THE PROBLEM: Copy out the lines of the records below, and only those lines, from the one with "You will notice" through the one with "In this section, we", exactly as they appear.

SOURCE MATERIAL:
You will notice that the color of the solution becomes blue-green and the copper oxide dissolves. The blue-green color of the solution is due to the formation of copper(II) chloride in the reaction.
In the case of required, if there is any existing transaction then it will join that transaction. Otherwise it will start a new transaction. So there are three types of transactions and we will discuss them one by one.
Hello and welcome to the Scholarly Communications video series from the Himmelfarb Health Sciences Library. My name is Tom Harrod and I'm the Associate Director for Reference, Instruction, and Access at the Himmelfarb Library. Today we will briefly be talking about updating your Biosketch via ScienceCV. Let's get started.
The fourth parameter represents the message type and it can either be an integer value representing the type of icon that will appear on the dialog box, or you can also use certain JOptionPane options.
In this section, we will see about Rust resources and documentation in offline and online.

...

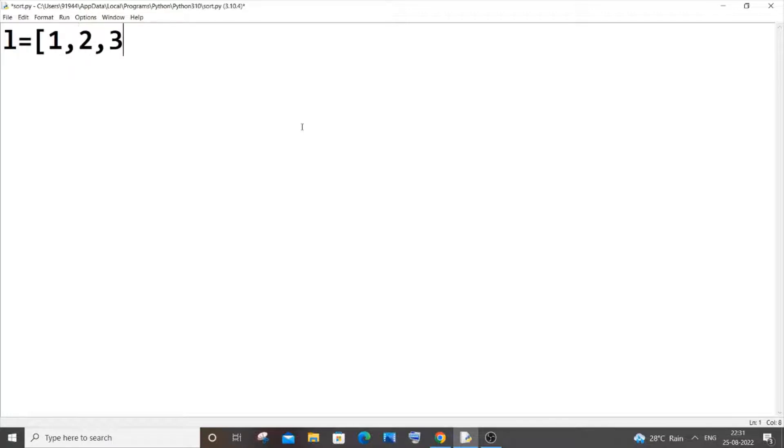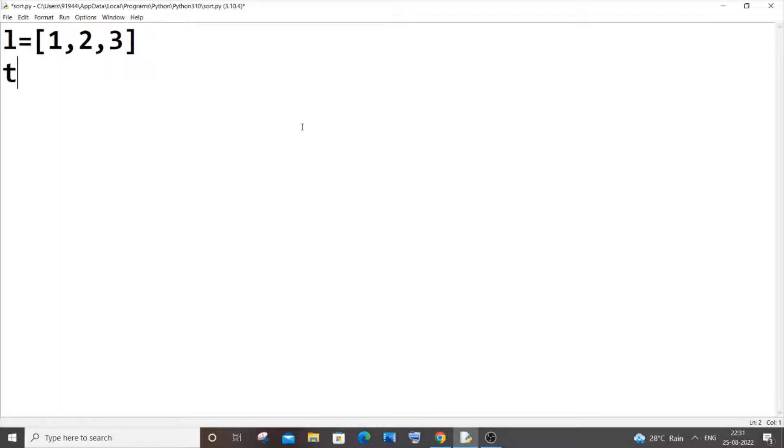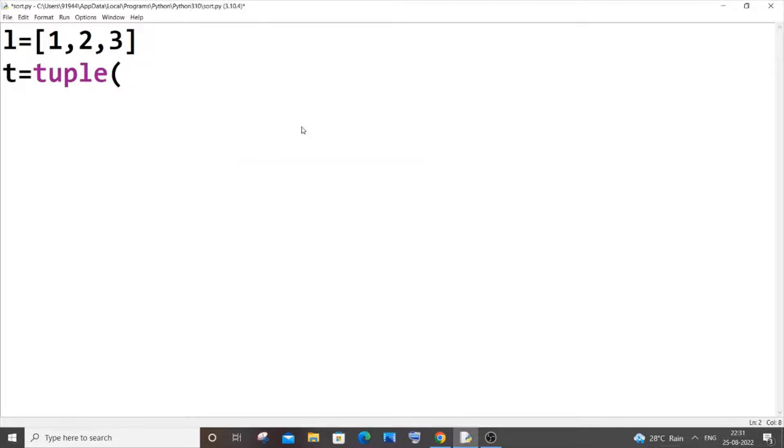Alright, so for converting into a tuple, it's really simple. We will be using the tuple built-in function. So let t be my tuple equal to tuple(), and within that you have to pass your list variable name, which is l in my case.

RESULT FOR THIS TASK:
You will notice that the color of the solution becomes blue-green and the copper oxide dissolves. The blue-green color of the solution is due to the formation of copper(II) chloride in the reaction.
In the case of required, if there is any existing transaction then it will join that transaction. Otherwise it will start a new transaction. So there are three types of transactions and we will discuss them one by one.
Hello and welcome to the Scholarly Communications video series from the Himmelfarb Health Sciences Library. My name is Tom Harrod and I'm the Associate Director for Reference, Instruction, and Access at the Himmelfarb Library. Today we will briefly be talking about updating your Biosketch via ScienceCV. Let's get started.
The fourth parameter represents the message type and it can either be an integer value representing the type of icon that will appear on the dialog box, or you can also use certain JOptionPane options.
In this section, we will see about Rust resources and documentation in offline and online.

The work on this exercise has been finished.